Quite what an art book is doing in the Collins Gem series, I’m not sure. Not much more than 3” x 4”, the text is small to the point of myopic, the illustrations make a postage stamp look like a broad canvas and, if you don’t break the spine down to lay the book flat, you can only see about half the page. Having spent some 25 years screaming at publishers to produce art books in a decent-sized format, I can’t help feeling this is a step backwards, possibly into the dawn of prehistory.

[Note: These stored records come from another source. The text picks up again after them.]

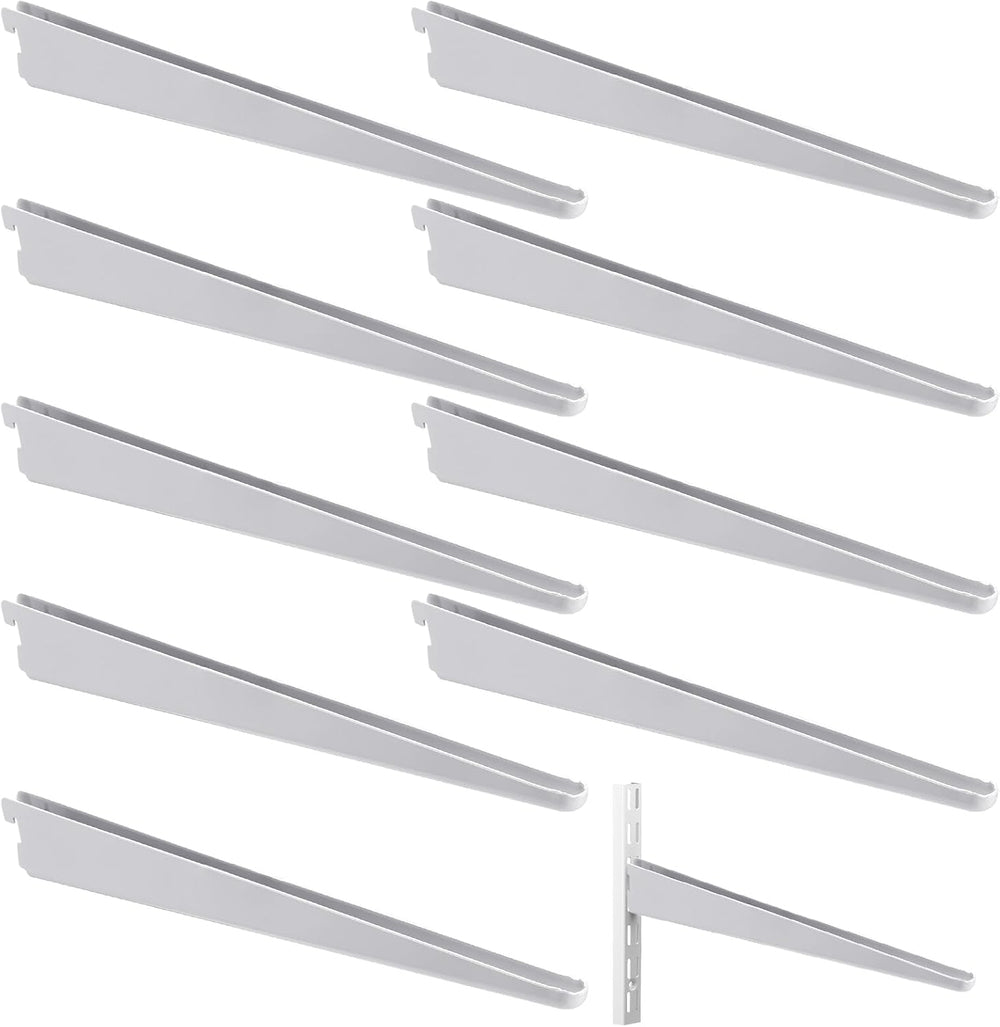 Yalikop 10 Pack Adjustable Shelf Brackets for Double Track System Closet Orga...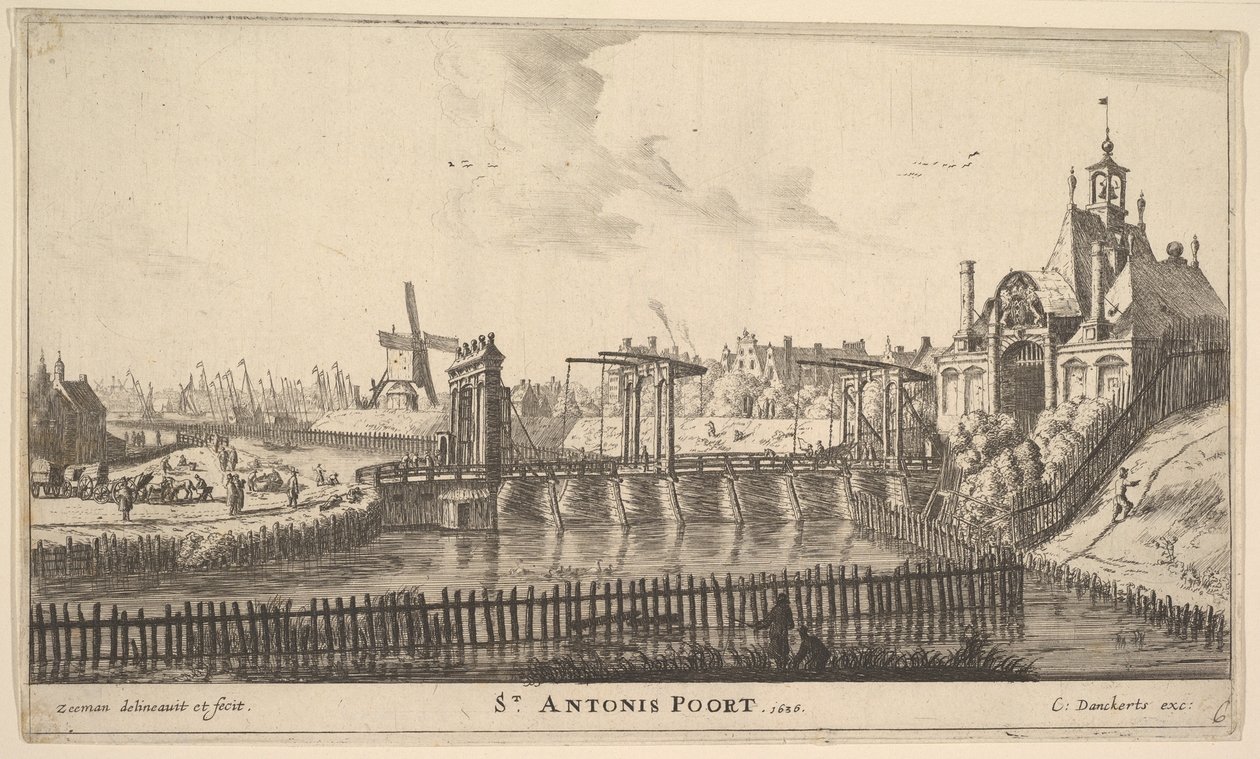 St. Antonis Poort, Amsterdam, mitten av 1600-talet. av Reinier Zeeman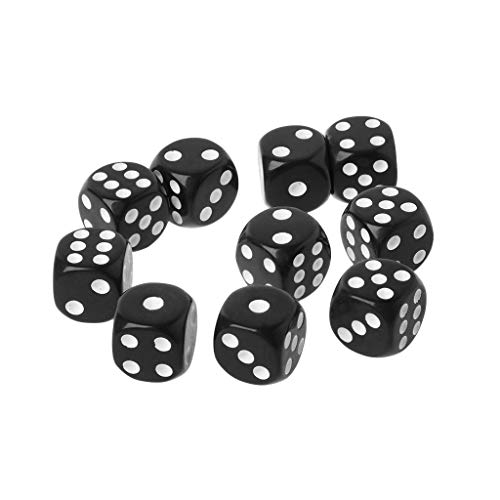 Yajiun 10 PCS Dés 6 Faces Jeux De Dés Enfants Acrylique 1.6X1.6X1.6CM Cover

When I set up this site, I promised I wouldn’t pan books just to show how clever I am and I also suggested that, if I though a book was a real stinker, I’d probably give it a miss. So, what’s this doing here? Well, the fact is that it’s been out for a while and it’s very popular. I think part of that has to do with the author: Hazel Soan is rightly very much in demand. So, OK, why not give her some space to work in? Well the first thing to observe is that Collins have, on other occasions, done just that. The second is that this isn’t a book that’s made up of bits of other books as smaller guides like this sometimes are. It’s been written from the ground up according to a previously agreed specification. In short, Hazel didn’t have to write it and clearly thought there was something to be said in and for this format.
So, getting to the positive, the first thing you’re going to notice is that the contents list is a lot longer than for many larger books. There’s a lot of stuff in here (there are 192 pages, even if they are tiny ones). So, what’s it all about? Well, here’s what the publisher says: “This book is for those people who want to paint but are too busy and don’t have the time. Hazel shows how much can be achieved in just 10 minutes!”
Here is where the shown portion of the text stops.